# TASK TO CARRY OUT:
The answer must be an exact copy of the lines from the one with "Antique Noritake Art" through the final line of the records below, with no pictures.

──────── DATA FOR THIS EXERCISE

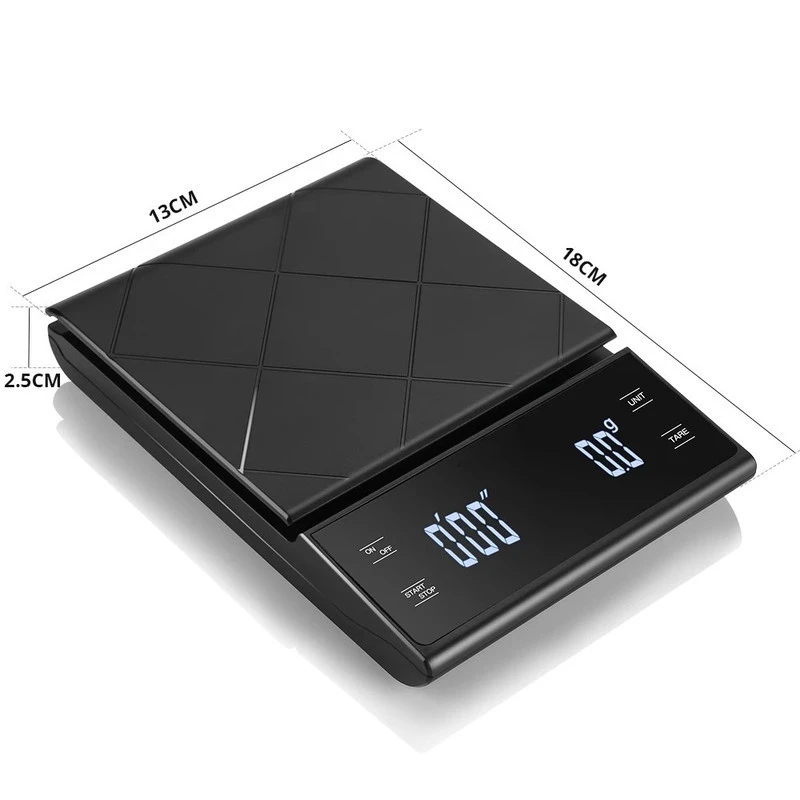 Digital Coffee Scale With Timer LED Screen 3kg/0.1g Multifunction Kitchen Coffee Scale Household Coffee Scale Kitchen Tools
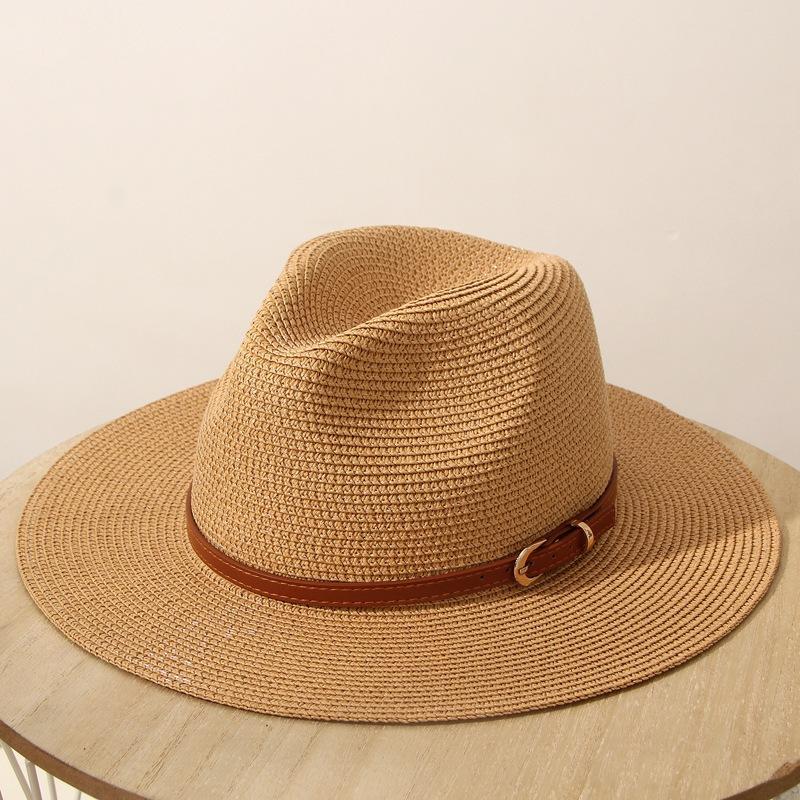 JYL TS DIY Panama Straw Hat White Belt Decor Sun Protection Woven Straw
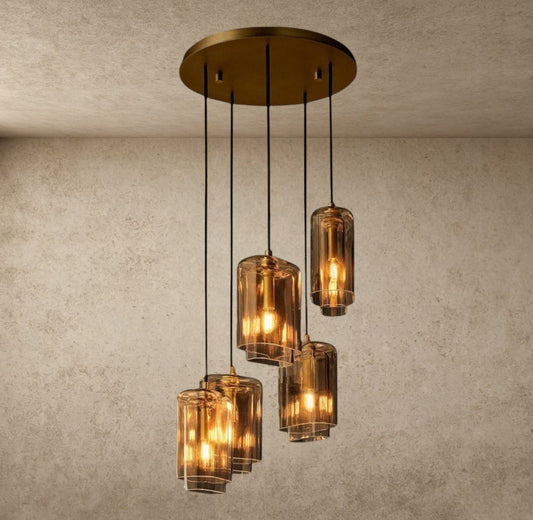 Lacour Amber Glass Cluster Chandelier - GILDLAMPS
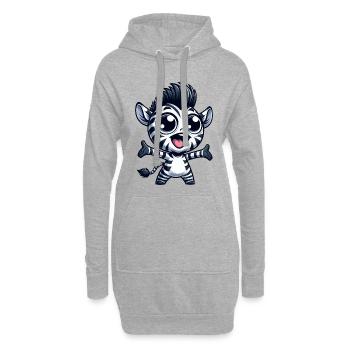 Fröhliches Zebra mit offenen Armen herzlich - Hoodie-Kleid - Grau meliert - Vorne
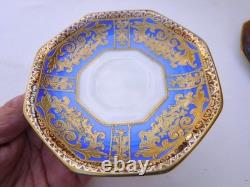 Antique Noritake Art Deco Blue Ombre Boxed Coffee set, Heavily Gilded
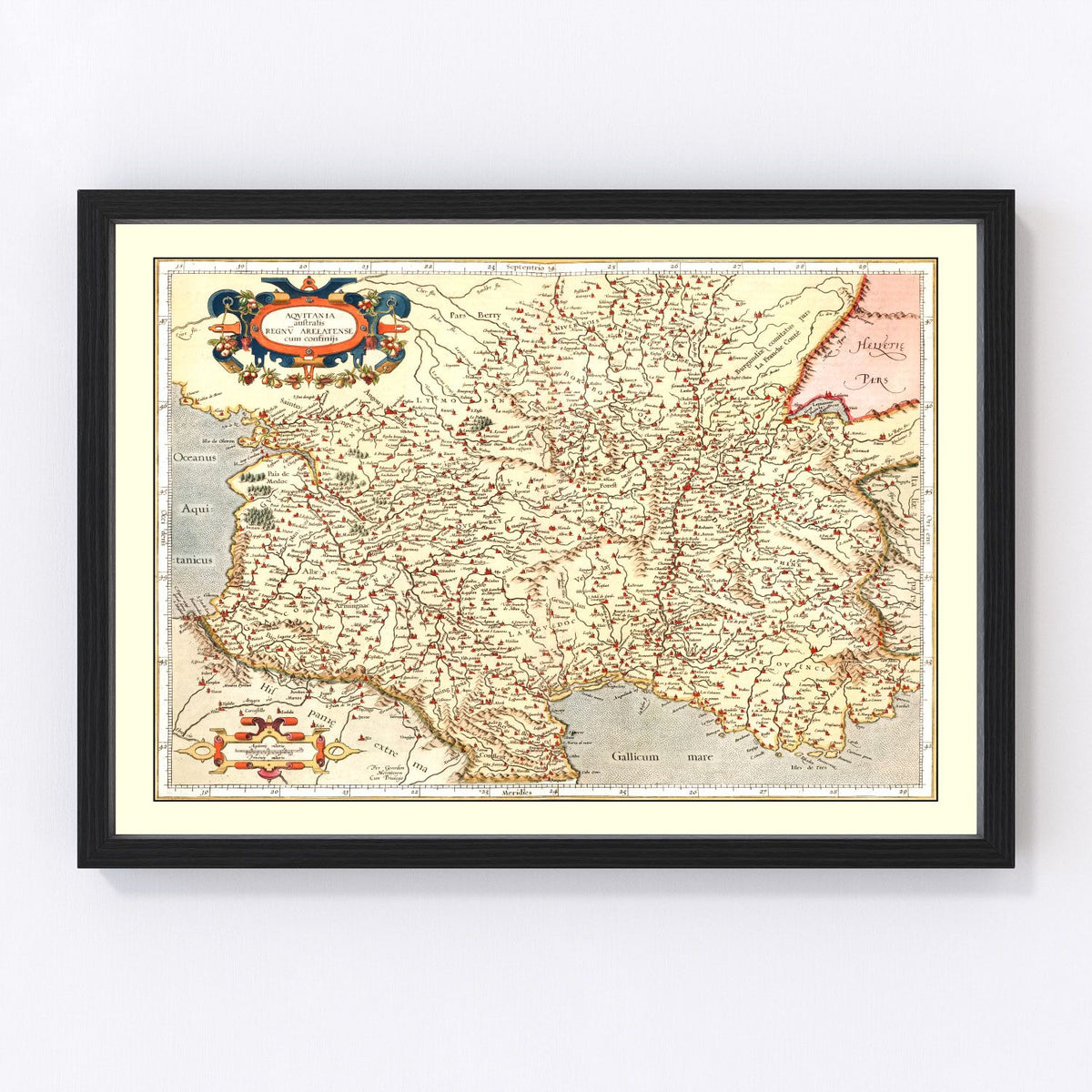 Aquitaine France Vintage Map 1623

────────────────

# SOLUTION BELOW:
 Antique Noritake Art Deco Blue Ombre Boxed Coffee set, Heavily Gilded
 Aquitaine France Vintage Map 1623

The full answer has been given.